核心解説
この問題は、
卵管 (Fallopian Tube / Uterine Tube)の解剖学的構造と各部位の位置関係を正確に理解しているかを問うています。卵管は、子宮から卵巣へと伸びる管であり、受精の場として、また受精卵を子宮腔へ運ぶ経路として重要な役割を担います。この問題の核心は、卵管を構成する5つの部位を「卵巣に近い順」に正しく並べられるかどうかです。卵管は子宮側から順に、
卵管間質部 (Intramural Part)、
卵管峡部 (Isthmus)、
卵管膨大部 (Ampulla)、
卵管漏斗部 (Infundibulum)、
卵管采 (Fimbriae) と続きます。最も卵巣に近いのは、卵管の最末端である卵管采です。卵管采は漏斗状に広がった卵管漏斗部の先端に位置するヒダ状の組織で、排卵時に卵巣表面に密着し、卵子を卵管内に取り込む役割(卵子捕捉)を担います。

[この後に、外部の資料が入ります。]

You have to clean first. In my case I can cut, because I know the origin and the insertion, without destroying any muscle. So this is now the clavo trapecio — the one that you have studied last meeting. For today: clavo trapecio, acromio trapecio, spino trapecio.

よって、最も卵巣に近い部位は
卵管采 (Fimbriae)が正解です。
正解の根拠 (Answer Rationale)
卵管采は卵巣に最も近接しており、排卵直後の卵子を直接捕捉する機能を持ちます。この解剖学的関係を理解することが、正常な受精のプロセスを理解する上で非常に重要です。

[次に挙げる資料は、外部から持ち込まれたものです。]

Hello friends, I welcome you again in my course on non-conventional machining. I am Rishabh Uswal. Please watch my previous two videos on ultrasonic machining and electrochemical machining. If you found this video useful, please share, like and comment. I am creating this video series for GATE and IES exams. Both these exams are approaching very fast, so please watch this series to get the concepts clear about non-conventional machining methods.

誤答の分析 (Distractor Analysis)
①
混同注意! 卵管峡部 (Isthmus) は、子宮側から2番目、卵管膨大部と卵管間質部の間に位置する狭い部位です。卵巣からは遠い位置にあります。
②
混同注意! 卵管漏斗部 (Infundibulum) は、卵管膨大部の外側(卵巣側)に位置する漏斗状に広がった部分です。卵管采はこの漏斗部の先端に付着しているため、漏斗部自体は卵巣に近いですが、最も近いのはその先端の卵管采です。
④
混同注意! 卵管膨大部 (Ampulla) は、卵管の中で最も長く、通常ここで受精が行われます。卵管峡部と卵管漏斗部の間に位置し、卵巣からは距離があります。
⑤
混同注意! 卵管間質部 (Intramural Part) は、子宮壁の中を通る最も子宮側の部位です。卵巣からは最も遠い位置にあります。
関連概念の整理 (Related Concepts)
卵管の各部位の名称と位置関係は、子宮外妊娠(特に卵管妊娠)の好発部位を理解する上でも重要です。卵管妊娠の約80%は
卵管膨大部 (Ampulla)で発生します。また、卵管采の癒着や閉塞は、卵子の捕捉を妨げ、不妊症の原因となります。
概念整理
卵管は子宮と卵巣を結ぶ一対の管で、外側(卵巣側)から内側(子宮側)へ以下の順に並びます。
卵管采 (Fimbriae) →
卵管漏斗部 (Infundibulum) →
卵管膨大部 (Ampulla) →
卵管峡部 (Isthmus) →
卵管間質部 (Intramural Part)
最も卵巣に近いのは
卵管采 (Fimbriae)で、卵子捕捉の役割を担います。受精が行われるのは
卵管膨大部 (Ampulla)です。
一目で比較!
| 部位名 | 特徴 | 子宮からの位置 |
|---|
| 卵管間質部 | 子宮壁内を通る最内側の部分 | 1番目 (最も近い) |
| 卵管峡部 | 管腔が最も狭い部分 | 2番目 |
| 卵管膨大部 | 最も長く、受精の場となる | 3番目 |
| 卵管漏斗部 | 漏斗状に広がる部分 | 4番目 |
| 卵管采 | 漏斗部先端のヒダ状組織。卵子捕捉を行う | 5番目 (卵巣に最も近い) |
暗記のコツ
語呂合わせで覚えましょう。「
間峡膨漏采(かんきょうぼうろうさい)」と子宮側から順に覚えると良いでしょう。そして、最も卵巣に近いのは最後の「采(さい)」、つまり卵管采だとリンクさせます。また、卵管采は卵巣に「採り(とり)」に行くイメージです。
国試頻出ポイント
この問題は、女性生殖器の解剖を問う基本問題として頻出です。また、卵管采の「卵子捕捉」という機能と結びつけて出題されることも多いため、位置だけでなく機能も合わせて覚えておきましょう。